***** Records provided *****

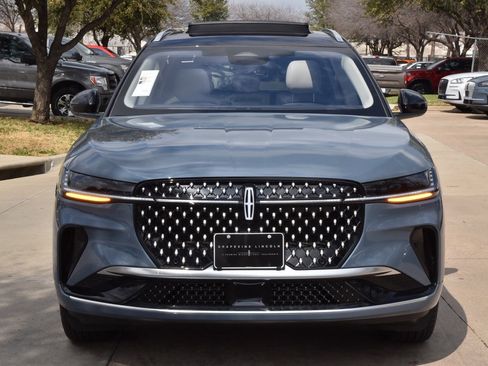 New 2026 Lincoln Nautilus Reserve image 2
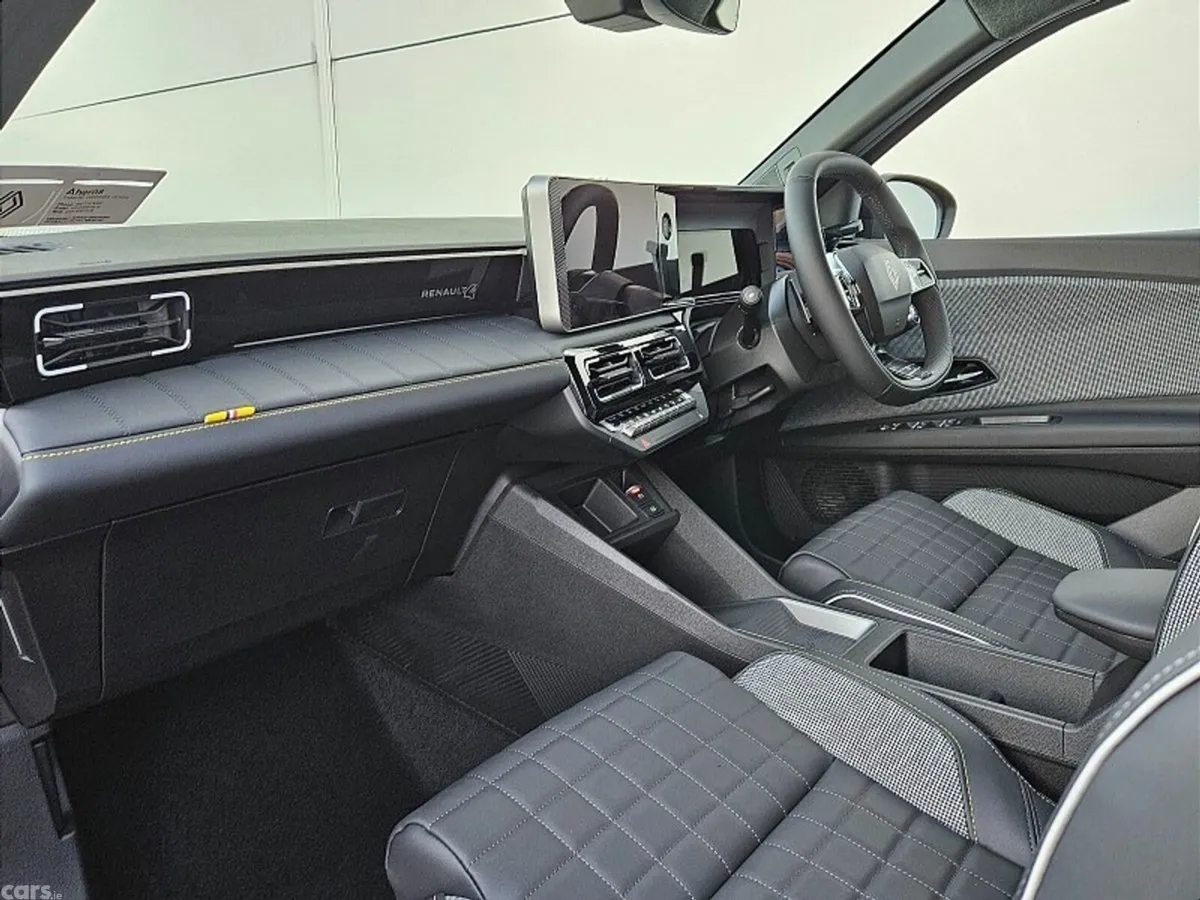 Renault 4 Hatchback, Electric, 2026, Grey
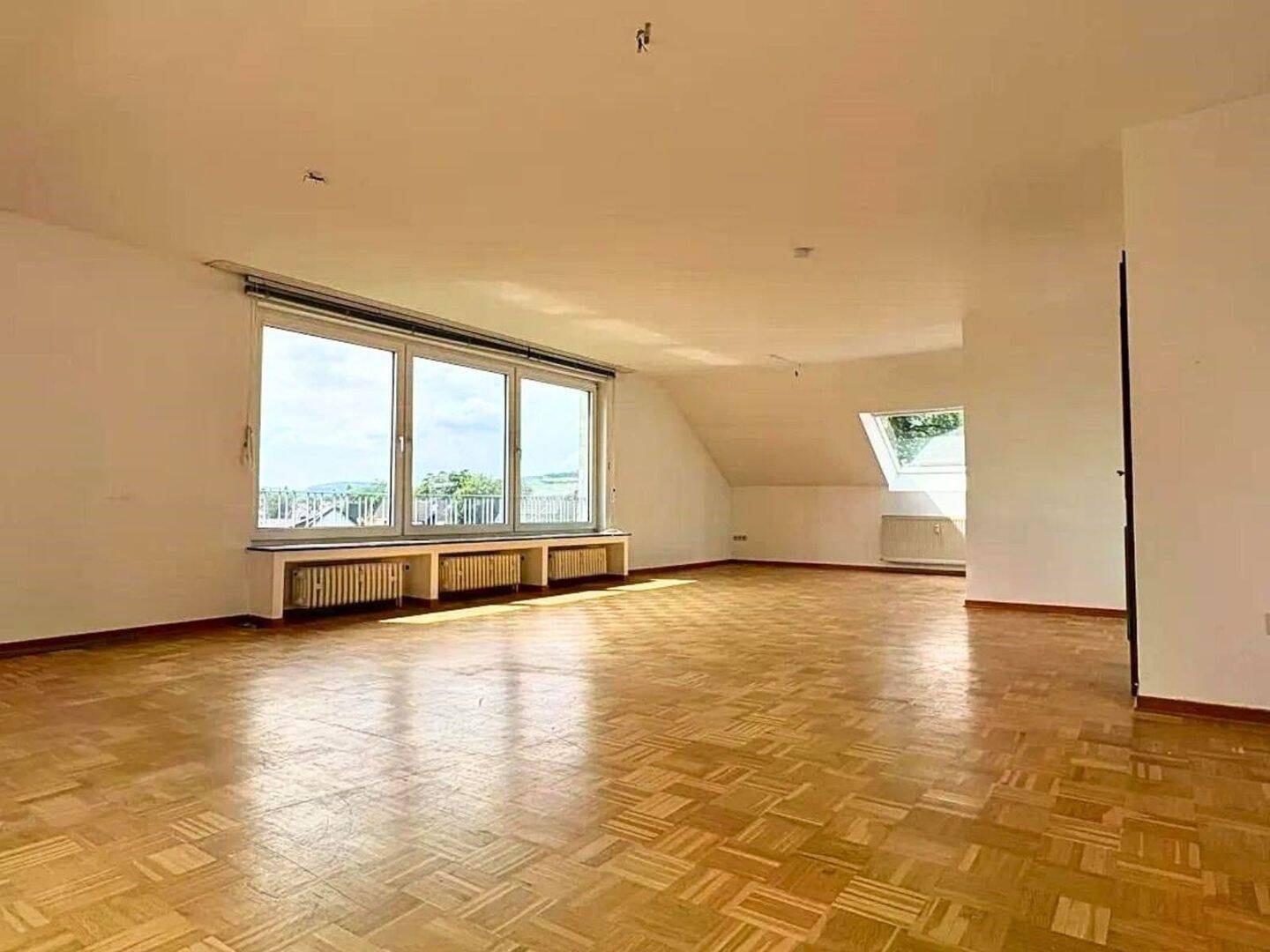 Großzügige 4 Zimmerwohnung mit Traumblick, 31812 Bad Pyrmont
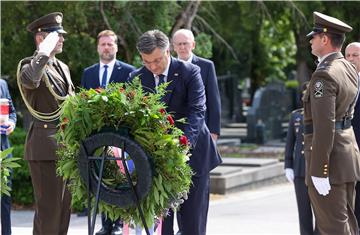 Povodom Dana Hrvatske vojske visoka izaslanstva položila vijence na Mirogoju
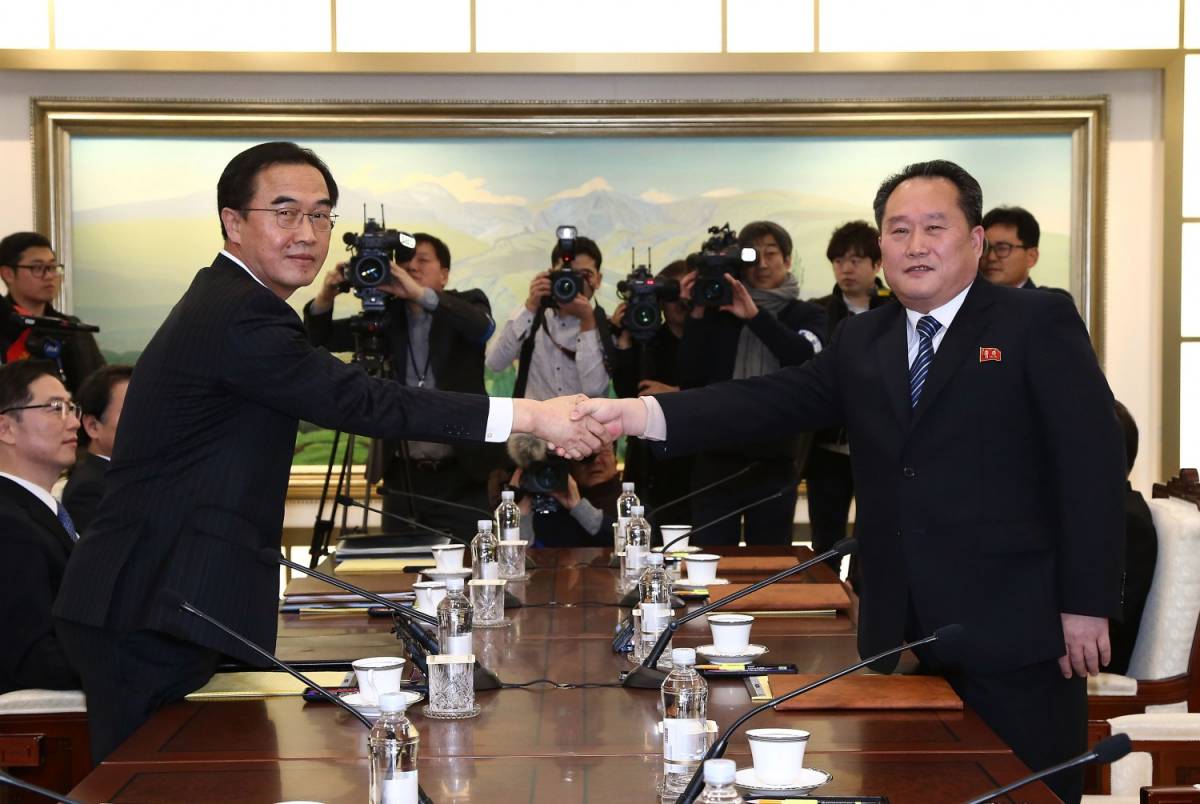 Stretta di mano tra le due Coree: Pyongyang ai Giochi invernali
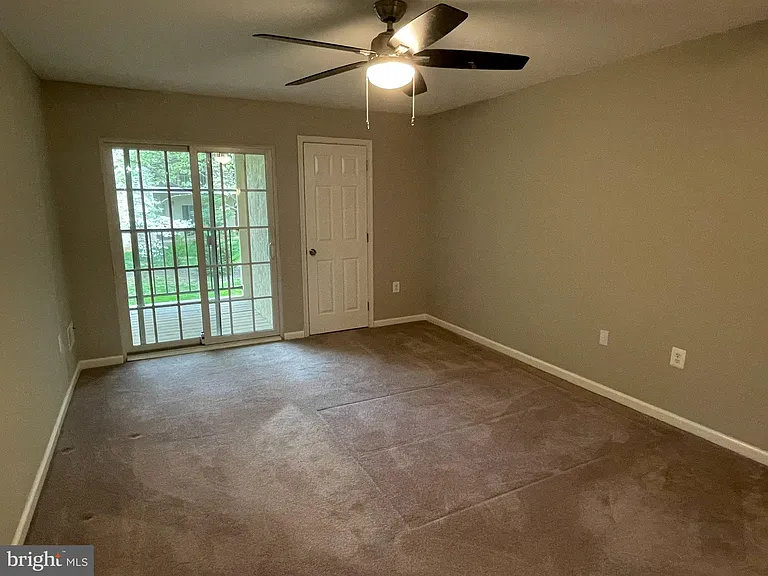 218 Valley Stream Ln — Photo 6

*****

Please set down every line of the listing verbatim, excluding its pictures.

#### Solution:
 New 2026 Lincoln Nautilus Reserve image 2
 Renault 4 Hatchback, Electric, 2026, Grey
 Großzügige 4 Zimmerwohnung mit Traumblick, 31812 Bad Pyrmont
 Povodom Dana Hrvatske vojske visoka izaslanstva položila vijence na Mirogoju
 Stretta di mano tra le due Coree: Pyongyang ai Giochi invernali
 218 Valley Stream Ln — Photo 6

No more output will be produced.